According to sources, Noble Group is planning to raise up to $3bn in bank debt as part of its refinancing plan outlined earlier.
Noble could pay an interest rate of 225 basis points over the U.S. dollar Libor on a $1 billion one-year unsecured loan, more than twice the 85 basis points it paid just a year ago.
Further, Noble’s credit facility of about $2 billion would be backed by trade flows and inventories, with an announcement expected this week.
The number of lead arrangers on the unsecured loan was eight banks, which compared with 15 on a loan last year.
According to sources, Societe Generale, Mitsubishi UFJ Financial Group, ING and HSBC were among the lead arrangers on the transaction.
The debt issuance is part of the company’s Chief Executive Yusuf Alireza’s plan to sell assets, cut business lines and trim debt.

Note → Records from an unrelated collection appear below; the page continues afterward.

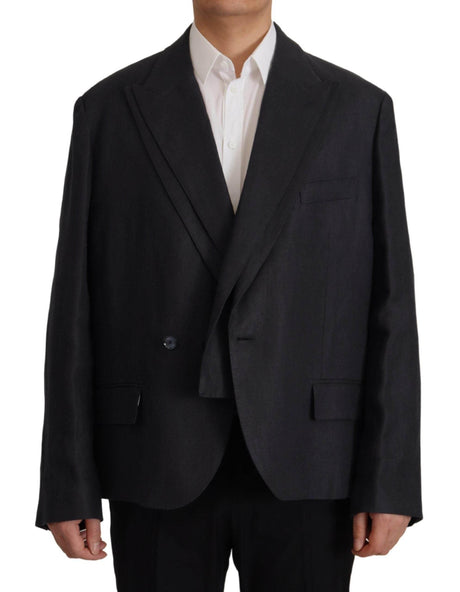 Dolce & Gabbana Blue Linen Formal Mens Blazer Jacket - Hilstor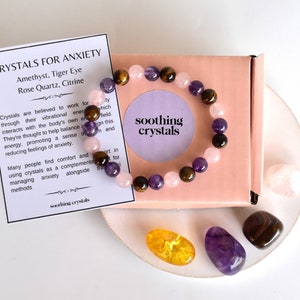 Calming ANXIETY Crystals Set, Gift For Anxiety | Stress Relief Crystal Set Stones | Healing Crystals For Anxiety | Set For Anxiety Gemstones
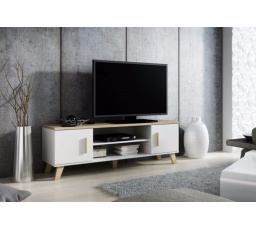 TV komoda LOTTA RTV160 (2D2K), Biela/Dub sonoma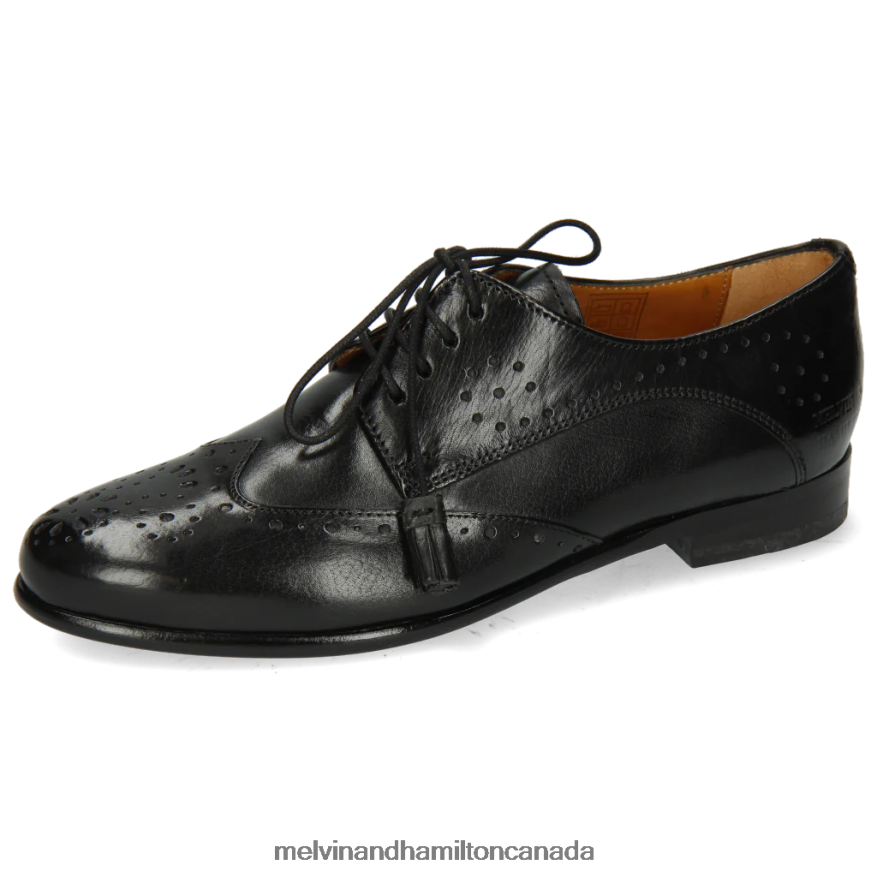 Women Melvin & Hamilton Black Selina 41 Derby Shoes P4V68P1532
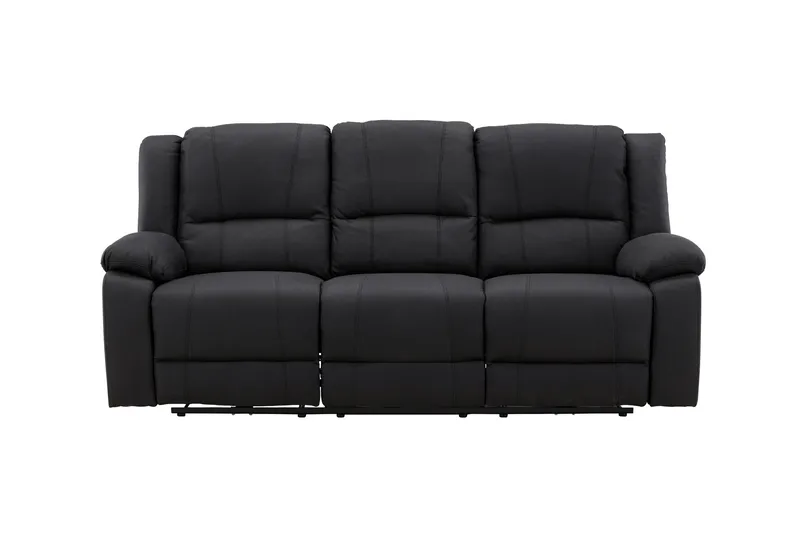 Reclinersofa med hjørne Comfort Living Singapore reclinersofa 3-personers kunstlæder Sort, undefined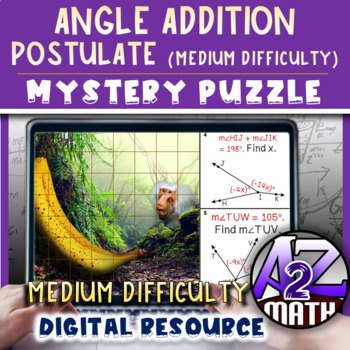 Preview of Angle Addition Postulate Activity Digital Pixel Art Mystery Puzzle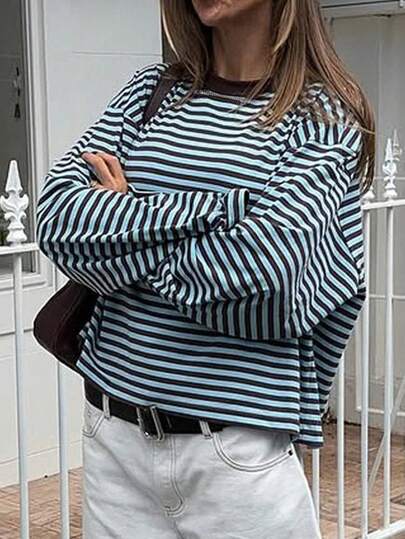 SDNGED Women's Casual Top, Striped Color Block Ribbed Fabric, Everyday Wear Spring/Autumn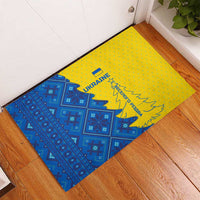 Ukraine Christmas Rubber Doormat with Yellow and Blue Tree Design and Traditional Embroidery - Wonder Print Shop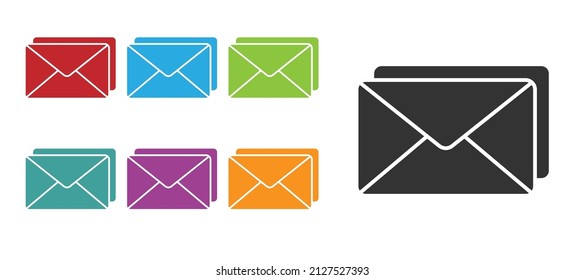 Icono sobre negro aislado en fondo blanco. Símbolo de la carta de correo electrónico. Indique los iconos en colores. Ilustración vectorial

According to Noble Group’s CEO Yusuf Alireza, the company is planning to restructure its debt amid rising borrowing costs. The firm seeks to recover from a commodity market slump that saw it post its first annual loss in almost 20 years and had its credit rating downgraded to junk.
As per the company’s presentation for its upcoming AGM, average cost of debt was seen rising from an estimated 3.9% in 2016 to 4.1% in 2017, before dropping back to 3.8% in in 2018. Although borrowing costs were rising on the company’s revolving facility, its weighted-average cost of debt was expected to remain at the same level.
Further, the company seeks to raise a $1bn unsecured loan on which it faces higher borrowing costs, and was also looking to raise a $2bn loan backed by inventories.
CEO Alireza stated that the company aimed to refinance debt before May 2016.
Hong-Kong based commodity conglomerate Noble Group Ltd. warned that it would post a loss for the 4Q’15 and FY’15 period after facing a $1.2bn non-cash impairment and exceptional charge. Additionally, the company faced a loss on the sale of its subsidiary Noble Agri Ltd.
Noble warned that commodity prices, especially that of thermal coal would continue to remain subdued in the near-term.
The company’s management adopted a conservative price of thermal coal of $55 per tonne to ensure its portfolio cushions itself against lower prices in future. However, prices continue to hover around 2006 lows of $47 per tonne at Newcastle, Australia, an Asian benchmark for thermal coal, for the week ended 22 January.
Lower commodity prices over 2015 have dragged the company’s share prices down over 65% and its credit ratings have been downgraded to junk.